In “The River,” finished in November 1952 and full of images of “speckled” skeletons, the preschooler Harry undergoes a drowning-baptism. The next day he tragically finds his way back to the river in the Georgia clay country, red-orange after a rain, where he was baptized by the Reverend Bevel Summers while on an outing with his sitter, Mrs. Connin. As the little boy gives himself over to the undertow of death, and possibly salvation, his parents are nursing hangovers in their city apartment — a satiric cartoon of bohemianism, cluttered with overflowing ashtrays and abstract paintings. To write Mrs.

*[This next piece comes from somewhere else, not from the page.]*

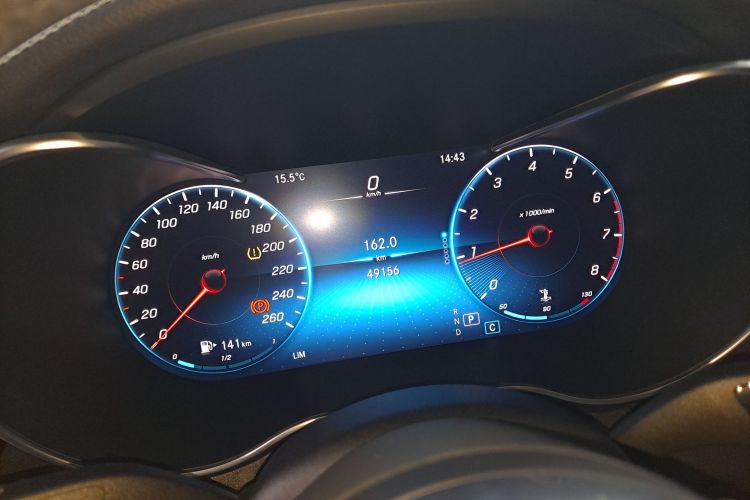 奔驰C级 2021款 C 200 L 时尚型运动版中控内饰14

Connin’s adoring attitude toward their hymn-singing minister — “He’s no ordinary preacher” — O’Connor borrowed freely from Mrs. Stevens, who had recently told her of a dramatic sermon by her own preacher, also a fine singer: “Evy eye is on him. . . . Not a breath stirs.”

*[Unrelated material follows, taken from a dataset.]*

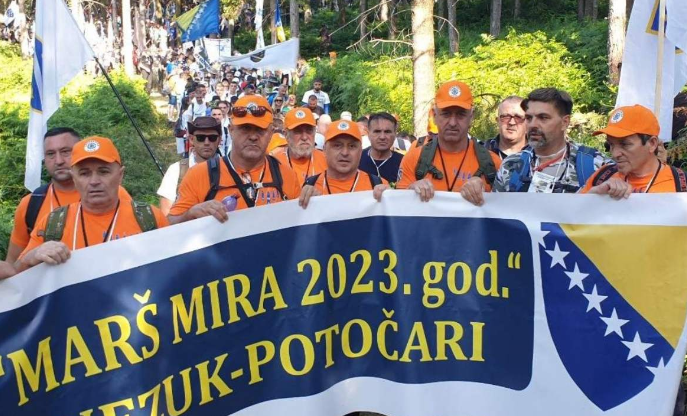 Iz Nezuka do Potočara: U 'Maršu mira' preko 3000 ljudi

Conceiving “A Good Man Is Hard to Find,” she connected the dots of a few articles that had mesmerized, or tickled, her: the Atlanta Constitution reported on a petty bank robber with the alias “The Misfit”; she clipped a photograph of a tartly made-up little girl, in a tutu, incongruously mimicking Bessie Smith’s rendition of “A Good Man Is Hard to Find” at a talent contest. Yet the laughter in her light tale of a fifties’ suburban Atlanta family waylaid on a road trip is silenced by the gunshots of her own “Misfit,” a prophet of existentialist nihilism, far more harrowing than Haze Motes. The scene of the family’s murder is a dark wood, as foreboding as Hawthorne’s in “Young Goodman Brown,” which is faintly echoed in the title as well. “It was no coincidence that Flannery wrote that story within months of, metaphorically, having a gun aimed at her,” said Sally Fitzgerald, of her reaction when Flannery mailed her a draft in the spring of 1953.

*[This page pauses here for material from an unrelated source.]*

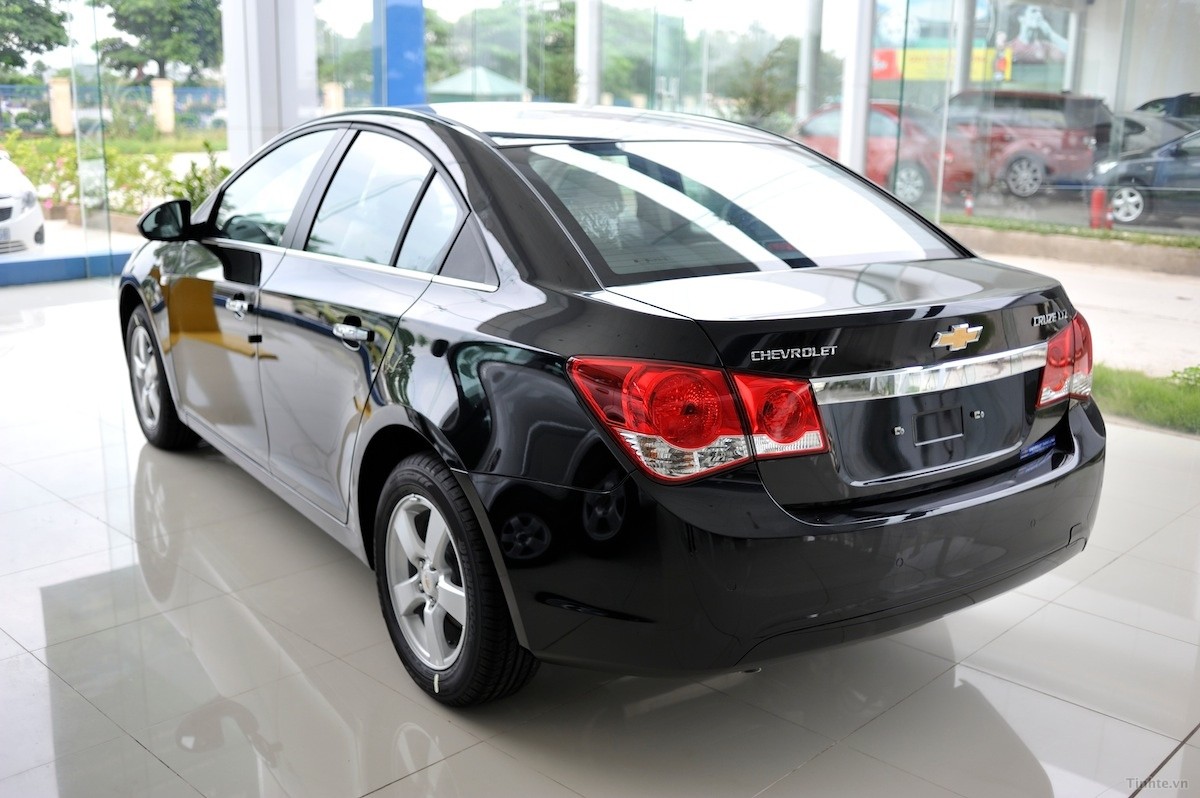 Chevrolet Cruze 2013 com facelift novas fotos do exterior e interior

Flannery sent the stories, as well, to her agent and her publisher. Hired away from Partisan Review by Harcourt Brace’s Robert Giroux, his copy editor and first reader Catharine Carver was excited about O’Connor’s writing. “Catie would read them first and say, ‘Bob, wait till you see this one, a new story has come in,’” Giroux recalled. “This happened, every time, over a series of months. . . . I remember one day Catharine brought me one. I didn’t read it in the office. I had a batch of stuff, and I took it home that night and read ‘A Good Man Is Hard to Find.’ I thought, This is one of the greatest short stories ever written in the United States. It’s equal to Hemingway, or Melville’s ‘Bartleby the Scrivener.’ And it absolutely put her on the map.” In his Christmas card of 1953, Lowell included praise of her recent works: “Both the baptizing and the homicidal lunatic are fearfully good.”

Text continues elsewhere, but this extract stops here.